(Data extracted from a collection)
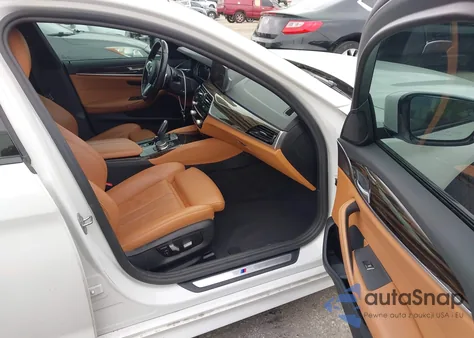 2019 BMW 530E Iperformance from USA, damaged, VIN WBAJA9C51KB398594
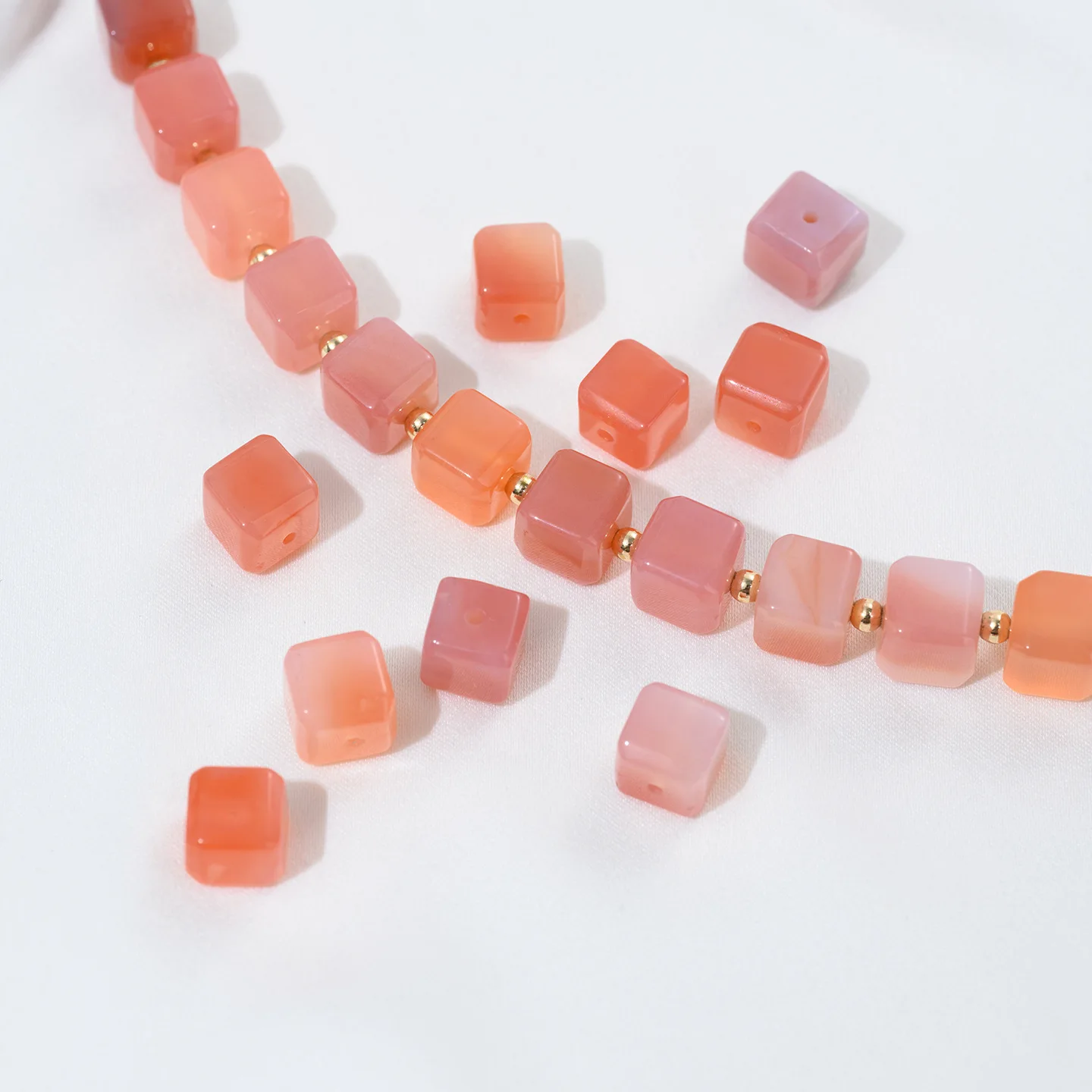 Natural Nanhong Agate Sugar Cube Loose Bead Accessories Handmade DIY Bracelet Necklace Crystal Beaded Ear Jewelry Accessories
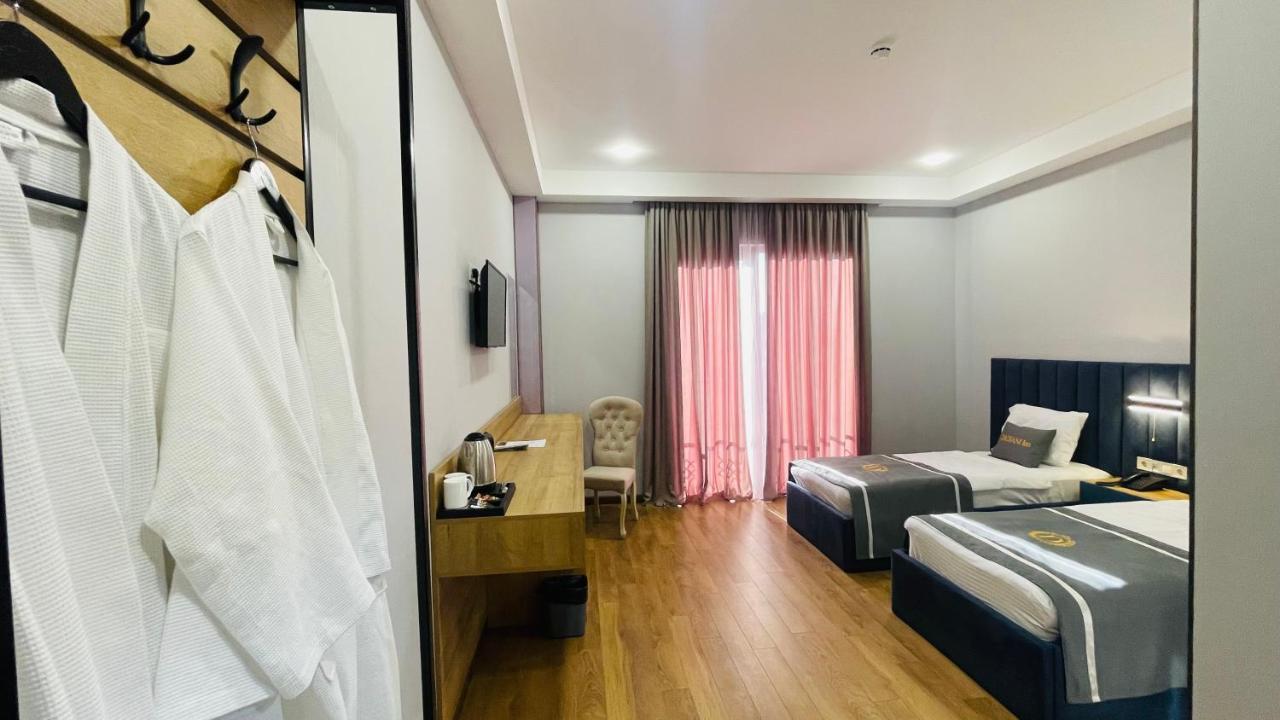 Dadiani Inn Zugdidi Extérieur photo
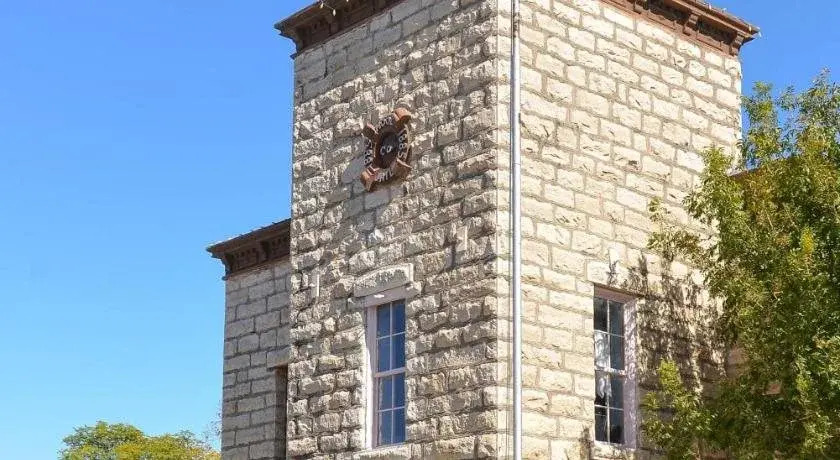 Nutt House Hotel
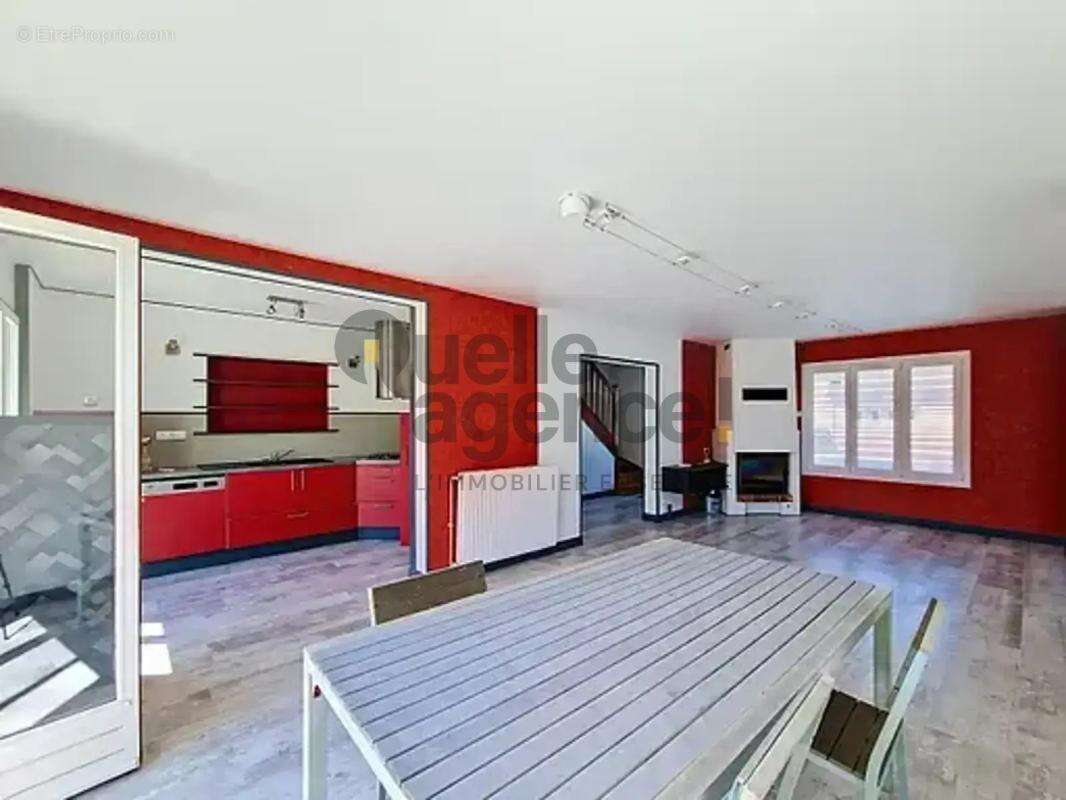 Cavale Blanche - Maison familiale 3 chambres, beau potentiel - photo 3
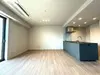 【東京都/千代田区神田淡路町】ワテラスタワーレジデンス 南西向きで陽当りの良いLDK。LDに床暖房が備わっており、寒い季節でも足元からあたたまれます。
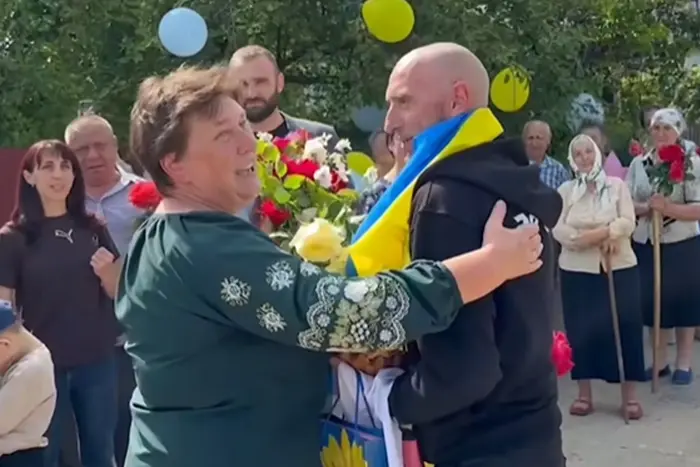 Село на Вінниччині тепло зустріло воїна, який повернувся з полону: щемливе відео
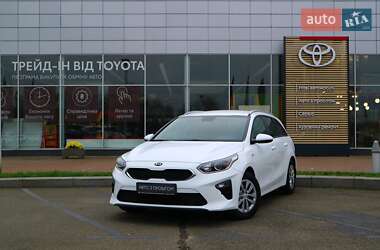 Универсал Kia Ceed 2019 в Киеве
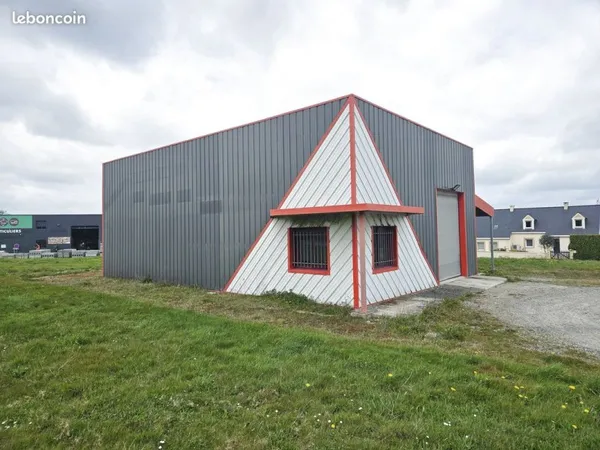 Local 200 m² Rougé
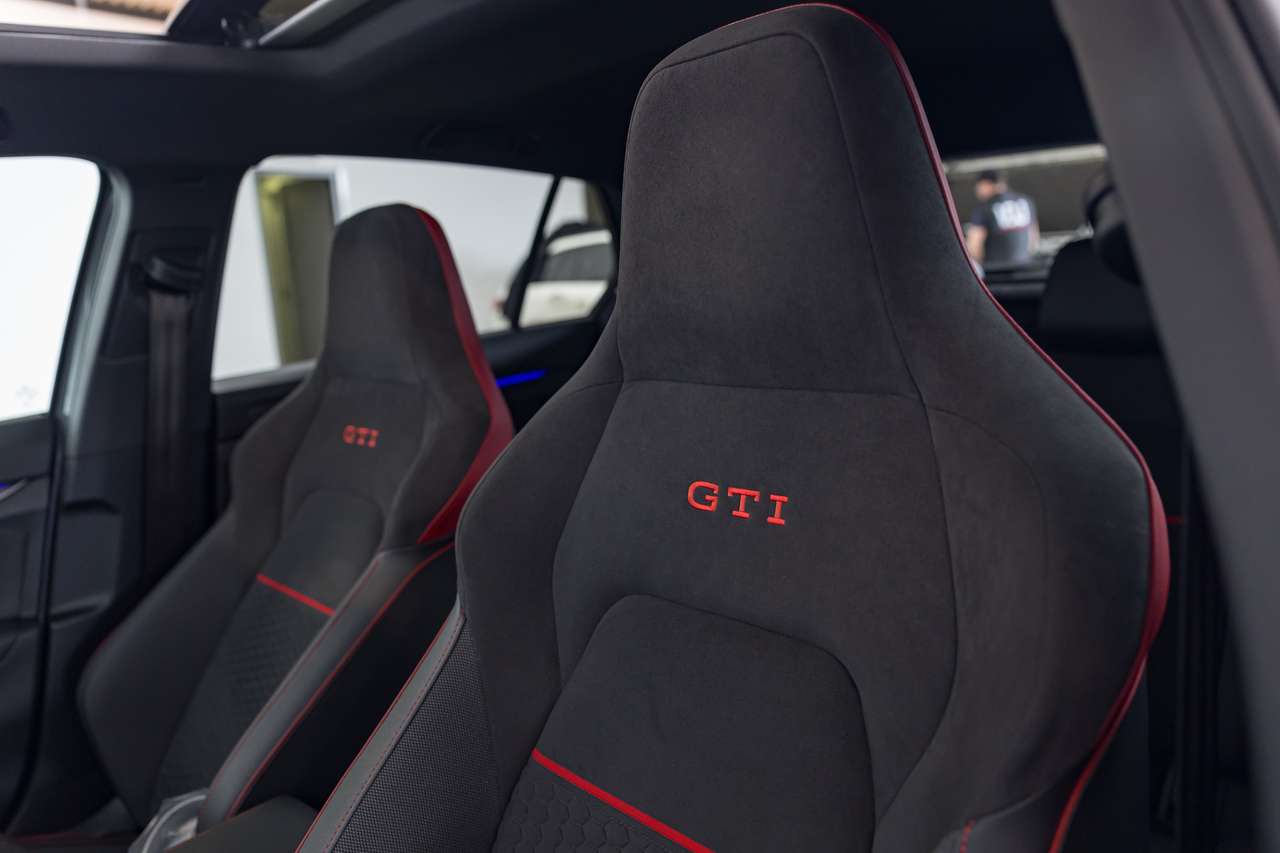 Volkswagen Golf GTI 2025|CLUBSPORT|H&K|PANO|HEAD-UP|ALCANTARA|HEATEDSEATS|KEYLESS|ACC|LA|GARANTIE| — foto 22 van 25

[Description of the task]
Reproduce each line of the records exactly, omitting any picture.

[Exercise solution]
 2019 BMW 530E Iperformance from USA, damaged, VIN WBAJA9C51KB398594
 Natural Nanhong Agate Sugar Cube Loose Bead Accessories Handmade DIY Bracelet Necklace Crystal Beaded Ear Jewelry Accessories
 Dadiani Inn Zugdidi Extérieur photo
 Nutt House Hotel
 Cavale Blanche - Maison familiale 3 chambres, beau potentiel - photo 3
 【東京都/千代田区神田淡路町】ワテラスタワーレジデンス 南西向きで陽当りの良いLDK。LDに床暖房が備わっており、寒い季節でも足元からあたたまれます。
 Село на Вінниччині тепло зустріло воїна, який повернувся з полону: щемливе відео
 Универсал Kia Ceed 2019 в Киеве
 Local 200 m² Rougé
 Volkswagen Golf GTI 2025|CLUBSPORT|H&K|PANO|HEAD-UP|ALCANTARA|HEATEDSEATS|KEYLESS|ACC|LA|GARANTIE| — foto 22 van 25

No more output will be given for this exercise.